Samarinda (ANTARA News) - Balai Wilayah Sungai (BWS) Kalimantan III bersama pihak terkait menggelar "talkshow" sekaligus kampanye peduli sungai dalam rangkaian peringatan Hari Air Sedunia XXV, dengan mengarungi Sungai Mahakam menggunakan kapal wisata Pesut.

"Kami ingin talkshow di kapal wisata narasumber dari akademisi, pakar air, dan sejumlah pihak terkait ini bisa menjadi langkah awal serius dalam tindakan riil menyelamatkan sungai," ujar Kepala BWS Kalimantan III Arief Rachman dalam acara itu di Samarinda, Selasa.
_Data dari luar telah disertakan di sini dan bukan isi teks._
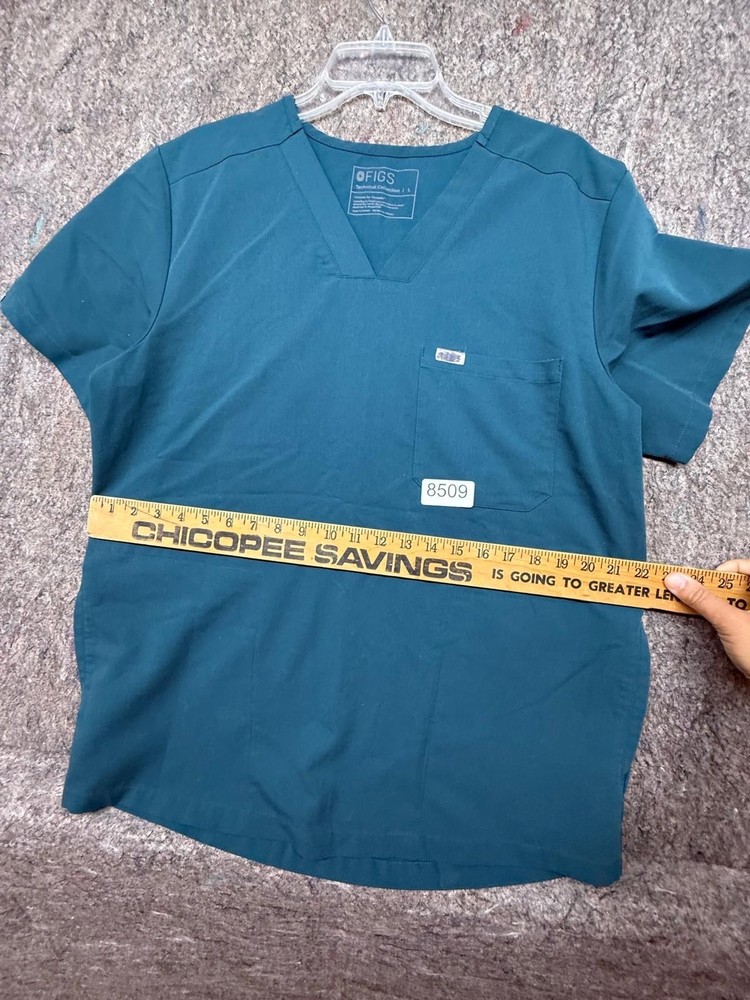 Figs Womens Scrubs Top Technical Green Size L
Dia menjelaskan Sungai Mahakam hingga kini masih menjadi urat nadi perekonomian bagi Provinsi Kaltim karena menjadi jalur angkutan batu bara dan kegiatan ekonomi lainnya.

Di sisi lain, keberadaan sungai justru tidak dijaga karena masih banyak limbah dan sampah yang dibuang ke sungai. Padahal aset tersebut harus diwariskan kepada anak cucu, sehingga air sungai yang akan diwariskan harus bersih atau tidak tercemar.

Untuk itu, katanya, harus ada tindakan nyata terhadap kondisi saat ini dengan kegiatan yang terintegrasi.

"Karena itu seharusnya sekarang tidak ada lagi baru rencana, melainkan sudah berbuat dan mengelola air dengan baik," katanya.

Ia menyebutkan seharusnya restorasi sungai sudah digalakkan semua provinsi sehingga semakin banyak berkurang sungai yang tidak sehat, karena sungai merupakan sumber kehidupan.

"Restorasi sungai yang berhasil dijalankan sejumlah daerah, di antaranya di Semarang, yakni Sungai Kaligarang, ada restorasi yang berhasil adalah sungai di Surabaya," ujarnya ketika mengarungi Mahakam dengan rute Pelabuhan Kantor Gubernur-Sungai Meriam tersebut.

Ketua Forum DAS Kaltim Mislan dalam kesempatan itu, mengatakan di Kaltim terdapat banyak sungai yang kondisinya buruk dan memprihatinkan, sehingga perlu dilakukan kerja sama dengan semua pihak untuk menyehatkan kembali sungai.

Ia juga menyatakan sekarang saatnya pemerintah memiliki cetak biru dalam melaksanakan restorasi sungai, bukan sekadar rencana program yang tanpa realisasi.

Mislan menyebutkan tak jarang ekosistem untuk air dijarah, dirusak, dan dihancurkan. Tak disangkal pula, ratusan bahkan ribuan sungai rusak, lahan kritis menghebat dan akhirnya bencana datang bertubi-tubi.

"Ironisnya manusia mengaku sebagai korban bencana alam, seolah mereka lupa bahwa merekalah pelaku utama kerusakan alam yang menyebabkan bencana tersebut," kata Mislan.